Section III. Societal Attitudes
The Catholic Church is the dominant religious institution in East Timor and its priests and bishops are accorded the highest respect in local society. Attitudes toward the small Protestant and Muslim communities vary, given the previous association of these groups with the occupying Indonesian forces. Resentment of Muslims is based on ethnic and economic differences, in addition to the religion.
In March 2001, a mob burned the mosque in Baucau during a wave of general unrest and destruction in that city. It was believed that residents might have targeted the mosque as a result of local animosity toward a Jordanian Rapid Reaction Unit based nearby. On December 31, 2000, local gangs attacked and vandalized the area around the mosque that harbors Dili's small Malay Muslim community, injuring three persons. The mosque members' resistance to the gang's demand for a car apparently precipitated the violence.
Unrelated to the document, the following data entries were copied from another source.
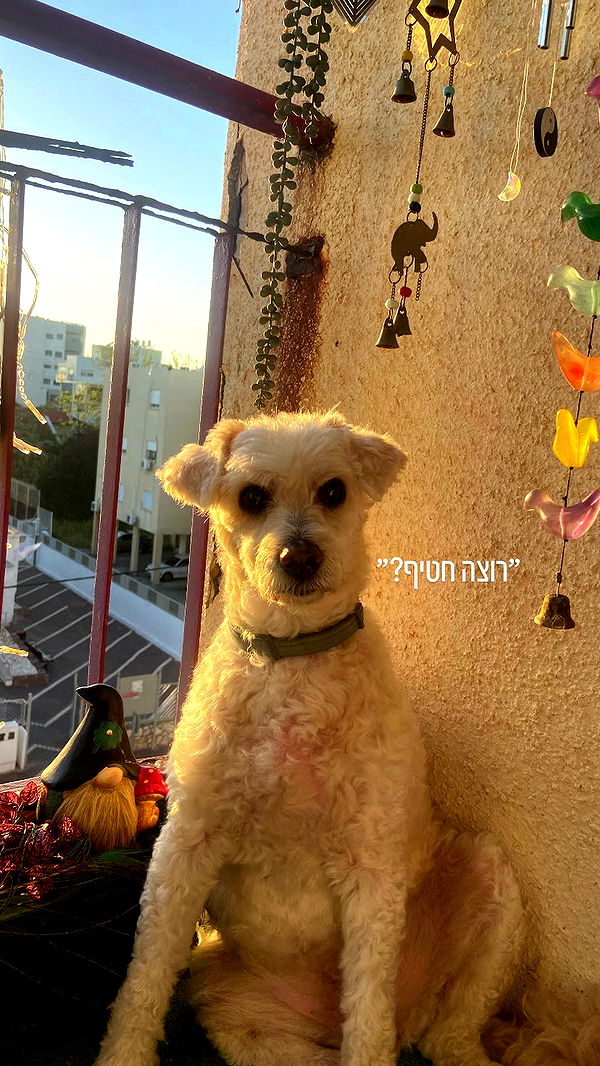 feelbetterinmysweater archive video preview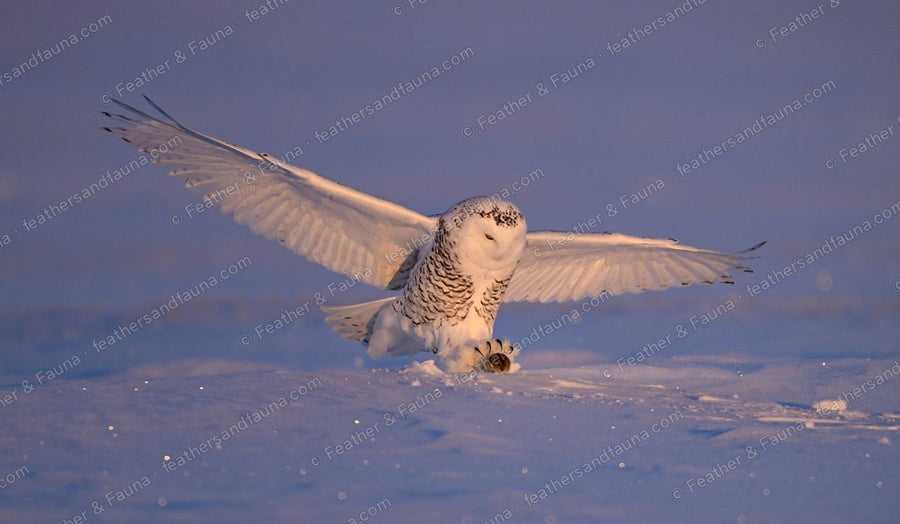Snowy Owl landing on snow over its prey with wings raised.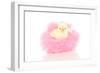 Chicks 001-Andrea Mascitti-Framed Photographic Print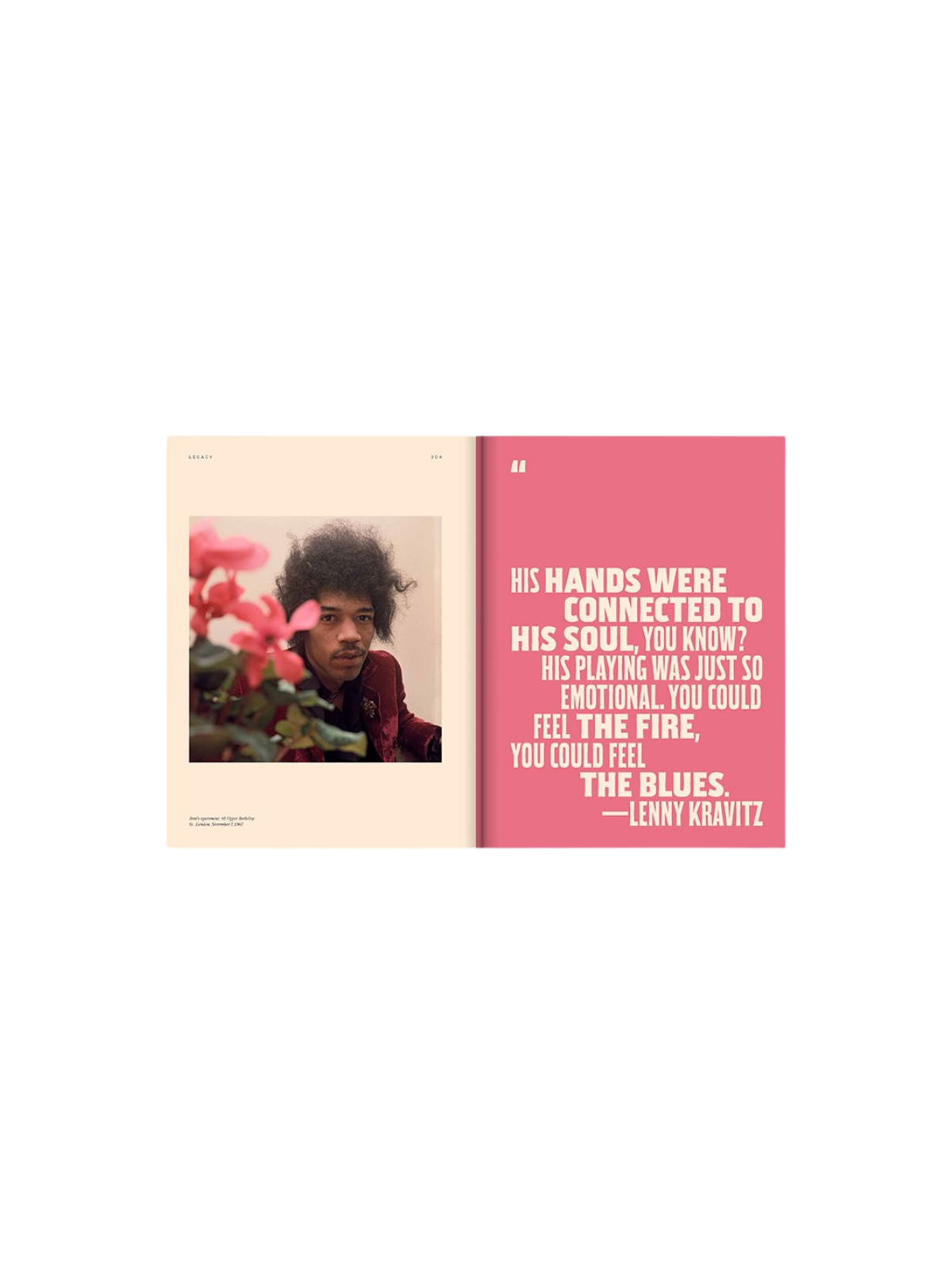 JIMI by Janie Hendrix; by John McDermott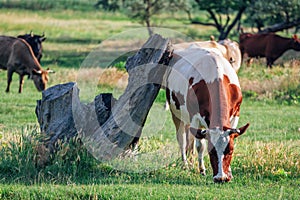 A cow grazing on the meadow with green grass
At times Protestants also have been harassed; however, during the period covered by this report, there were no further attacks on Protestant churches such as those that occurred in June 2000, in Aileu district.
A lack of prison space, inadequate judicial and police resources, and a tendency to encourage local reconciliation rather than punishment of offenders were factors behind the decision of UNTAET authorities not to charge perpetrators of violence or attacks on churches and mosques (see Section II). In the case of the June 2000 Aileu incidents, the authorities and local churchmen promoted reconciliation between the local Protestant and Catholic communities, and the local Catholic Church took the lead in a project to rebuild three destroyed Protestant churches.
Section IV. U.S. Government Policy
The U.S. Government discussed religious freedom issues with UNTAET in the context of its overall dialog and policy of promoting human rights.